A personagem embarca em uma garrafa de água mineral e com ela transita em sua brincadeira. A maneira de atuar, e não o objeto, é o determinante do brinquedo. O que move a fotografia impressa da garrafa é o significado que ela adquire em cada representação imaginária da criança e suas infinitas possibilidades. Esse movimento e sentido ganham na textura do lápis de cera e em poucas cores os significantes do faz-de-conta e sua força de dar vida à realidade invisível.
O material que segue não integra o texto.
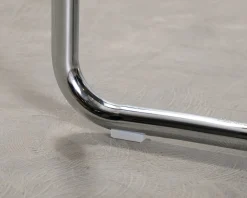 Knoll Laccio sidobord svart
Tenho uma atração especial por narrativas visuais. O único ponto que às vezes nessa forma plástica de contar me deixa com sensação de falta é quando o tema sugere a presença dos monólogos recatados, comuns na infância. É como se a história negasse ao leitor as afirmações próprias da personagem sobre cada variação do seu brincar. Isso não impede, evidentemente, que quem aprecia o movimento das imagens não possa falar sozinho.
Em situações imaginativas, como a da menininha do livro de Auerbach, é normal falar alto, deixar o pensamento brincante escapar, externar vocalmente a palavra aludida, gerando o que a ação não realiza por si própria. Assim como acontece na literatura voltada para crianças – quando o texto recorre à ilustração como estímulo à dinâmica do enredo –, os casos de narrativas visuais envolvendo o brincar sozinho poderiam ser também ilustrados com palavras.
De todo modo, o surpreendente no livro-imagem é como a experiência sensorial da personagem se desenvolve em seus impulsos de ver o que está inventando a cada instante, consciente do distanciamento com que atua. Não é a garrafa que determina a brincadeira – ela é meio –, mas o modo lúdico e particular da criança que faz a comunicação sem idiomas, conferindo à dinâmica das imagens a escolha dos vocábulos que as integram.
Patrícia Auerbach tem um estilo próprio e uma sensibilidade admirável para contar da relação da criança com o mundo, em cenas da prática imaginativa. O contato com o objeto, a liberdade inventiva e o devaneio autônomo da cultura da infância são extraídos de sua arte como novas substâncias projetivas em estado de materialidade.
No livro A Garrafa, entre tantos lances encantadores, há apenas um que identifico como deslocado do propósito. Logo na página sete, a menininha sentada sobre uma pilha de jornais, com a garrafa sobre as pernas, põe a mão no rosto como se questionasse o que é possível fazer com aquele objeto. Esse é um gesto de racionalidade que, a meu ver, poderia ser dispensado.
A imaginação não é chamada por quem imagina, ela vem por si e traz em sua bagagem o repertório ancestral do brincar associado à experiência concreta da criança. E isso a autora faz muito bem nas demais páginas, largando a personagem para que flua em seu devir, sem explicações, sem lógica de passagem, sem pontes e sem finalidade, deixando o brinquedo nascer do ato de brincar. Lindo.